Work order ▸ For each line of the data below that holds "Постер", copy the line.

[Data extracted from a collection]
↓↓↓
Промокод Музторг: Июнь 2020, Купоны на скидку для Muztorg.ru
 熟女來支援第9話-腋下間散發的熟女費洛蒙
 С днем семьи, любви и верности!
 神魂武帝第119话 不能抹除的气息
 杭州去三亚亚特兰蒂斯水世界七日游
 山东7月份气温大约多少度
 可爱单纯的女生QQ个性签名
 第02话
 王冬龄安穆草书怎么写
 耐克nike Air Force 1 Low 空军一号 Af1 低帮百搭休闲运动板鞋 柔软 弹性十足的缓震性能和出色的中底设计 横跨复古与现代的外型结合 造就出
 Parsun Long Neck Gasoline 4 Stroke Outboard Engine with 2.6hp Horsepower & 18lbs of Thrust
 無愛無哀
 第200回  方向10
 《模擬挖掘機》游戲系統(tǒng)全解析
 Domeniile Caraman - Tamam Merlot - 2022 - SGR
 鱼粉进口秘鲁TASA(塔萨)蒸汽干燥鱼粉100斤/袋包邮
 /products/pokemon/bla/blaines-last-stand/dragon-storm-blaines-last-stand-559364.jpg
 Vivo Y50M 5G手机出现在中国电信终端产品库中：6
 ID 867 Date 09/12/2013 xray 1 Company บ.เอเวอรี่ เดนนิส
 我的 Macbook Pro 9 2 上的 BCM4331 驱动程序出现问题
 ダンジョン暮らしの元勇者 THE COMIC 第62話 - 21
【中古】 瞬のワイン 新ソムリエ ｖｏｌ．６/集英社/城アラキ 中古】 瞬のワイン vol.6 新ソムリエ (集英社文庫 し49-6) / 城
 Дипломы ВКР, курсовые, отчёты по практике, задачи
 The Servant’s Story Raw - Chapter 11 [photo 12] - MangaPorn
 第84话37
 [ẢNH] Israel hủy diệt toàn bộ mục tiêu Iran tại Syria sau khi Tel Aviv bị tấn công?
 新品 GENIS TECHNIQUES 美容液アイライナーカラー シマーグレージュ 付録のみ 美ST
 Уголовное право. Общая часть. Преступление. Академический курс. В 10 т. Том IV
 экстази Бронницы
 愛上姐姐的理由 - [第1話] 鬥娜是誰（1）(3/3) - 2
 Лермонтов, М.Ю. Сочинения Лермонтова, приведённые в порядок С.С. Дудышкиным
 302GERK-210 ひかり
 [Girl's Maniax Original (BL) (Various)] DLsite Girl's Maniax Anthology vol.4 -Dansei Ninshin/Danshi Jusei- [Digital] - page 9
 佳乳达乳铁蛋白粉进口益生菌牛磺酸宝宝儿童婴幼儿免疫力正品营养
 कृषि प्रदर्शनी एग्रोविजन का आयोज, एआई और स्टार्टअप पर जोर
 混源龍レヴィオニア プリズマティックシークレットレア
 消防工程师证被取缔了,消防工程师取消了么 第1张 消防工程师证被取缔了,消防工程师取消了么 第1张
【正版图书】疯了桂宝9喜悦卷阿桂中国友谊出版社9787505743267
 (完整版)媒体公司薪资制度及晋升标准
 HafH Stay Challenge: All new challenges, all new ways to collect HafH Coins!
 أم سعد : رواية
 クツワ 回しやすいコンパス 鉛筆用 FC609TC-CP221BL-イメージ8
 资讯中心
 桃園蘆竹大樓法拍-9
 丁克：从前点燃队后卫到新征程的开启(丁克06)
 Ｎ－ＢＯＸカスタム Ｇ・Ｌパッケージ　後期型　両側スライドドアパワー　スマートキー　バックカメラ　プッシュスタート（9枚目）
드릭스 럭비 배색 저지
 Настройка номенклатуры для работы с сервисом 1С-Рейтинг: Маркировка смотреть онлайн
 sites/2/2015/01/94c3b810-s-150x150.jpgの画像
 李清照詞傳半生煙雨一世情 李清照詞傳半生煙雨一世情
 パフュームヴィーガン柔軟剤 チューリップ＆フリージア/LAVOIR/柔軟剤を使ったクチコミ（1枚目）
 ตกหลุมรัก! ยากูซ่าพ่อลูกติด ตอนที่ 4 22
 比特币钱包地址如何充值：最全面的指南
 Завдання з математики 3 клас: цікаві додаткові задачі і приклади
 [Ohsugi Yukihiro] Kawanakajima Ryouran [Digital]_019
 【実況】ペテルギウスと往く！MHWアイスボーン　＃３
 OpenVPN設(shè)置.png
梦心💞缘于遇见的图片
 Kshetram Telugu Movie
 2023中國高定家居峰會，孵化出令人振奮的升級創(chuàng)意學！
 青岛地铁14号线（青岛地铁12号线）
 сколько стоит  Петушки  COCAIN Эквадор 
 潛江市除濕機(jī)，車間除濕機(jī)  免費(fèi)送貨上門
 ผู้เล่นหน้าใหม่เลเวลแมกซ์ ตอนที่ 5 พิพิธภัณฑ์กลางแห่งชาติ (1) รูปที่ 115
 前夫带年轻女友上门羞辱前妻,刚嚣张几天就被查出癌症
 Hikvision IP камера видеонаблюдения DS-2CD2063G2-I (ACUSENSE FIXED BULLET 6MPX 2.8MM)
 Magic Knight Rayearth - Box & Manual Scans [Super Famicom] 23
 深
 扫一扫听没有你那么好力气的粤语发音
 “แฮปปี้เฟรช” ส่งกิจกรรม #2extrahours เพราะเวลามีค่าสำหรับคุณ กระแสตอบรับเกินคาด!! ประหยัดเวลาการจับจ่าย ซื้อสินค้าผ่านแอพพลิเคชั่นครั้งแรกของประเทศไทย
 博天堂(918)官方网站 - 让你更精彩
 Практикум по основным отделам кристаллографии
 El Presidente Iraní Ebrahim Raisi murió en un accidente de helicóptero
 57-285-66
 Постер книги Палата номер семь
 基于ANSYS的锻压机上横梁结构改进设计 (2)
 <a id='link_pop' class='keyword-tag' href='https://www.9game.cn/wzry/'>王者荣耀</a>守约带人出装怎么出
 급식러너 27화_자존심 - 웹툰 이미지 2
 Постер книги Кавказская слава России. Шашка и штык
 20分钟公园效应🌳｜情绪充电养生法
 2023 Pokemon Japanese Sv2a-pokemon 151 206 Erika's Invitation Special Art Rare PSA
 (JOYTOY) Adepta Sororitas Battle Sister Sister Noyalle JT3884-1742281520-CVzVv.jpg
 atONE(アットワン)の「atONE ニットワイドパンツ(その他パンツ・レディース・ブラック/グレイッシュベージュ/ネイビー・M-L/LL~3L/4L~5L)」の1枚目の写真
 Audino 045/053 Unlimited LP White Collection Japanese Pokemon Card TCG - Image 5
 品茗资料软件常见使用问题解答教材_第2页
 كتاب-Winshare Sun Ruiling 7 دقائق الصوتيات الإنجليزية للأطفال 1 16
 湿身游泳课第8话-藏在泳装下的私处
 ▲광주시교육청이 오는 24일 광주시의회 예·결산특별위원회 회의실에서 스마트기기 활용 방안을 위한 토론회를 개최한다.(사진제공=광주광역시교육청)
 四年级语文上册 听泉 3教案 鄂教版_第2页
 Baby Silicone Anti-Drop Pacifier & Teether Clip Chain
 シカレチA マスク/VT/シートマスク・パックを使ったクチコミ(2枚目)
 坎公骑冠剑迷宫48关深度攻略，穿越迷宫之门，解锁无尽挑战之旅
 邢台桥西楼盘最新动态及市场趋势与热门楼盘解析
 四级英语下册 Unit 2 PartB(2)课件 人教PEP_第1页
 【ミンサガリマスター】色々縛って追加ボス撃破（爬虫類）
↑↑↑
Answer section ▸
 Постер книги Палата номер семь
 Постер книги Кавказская слава России. Шашка и штык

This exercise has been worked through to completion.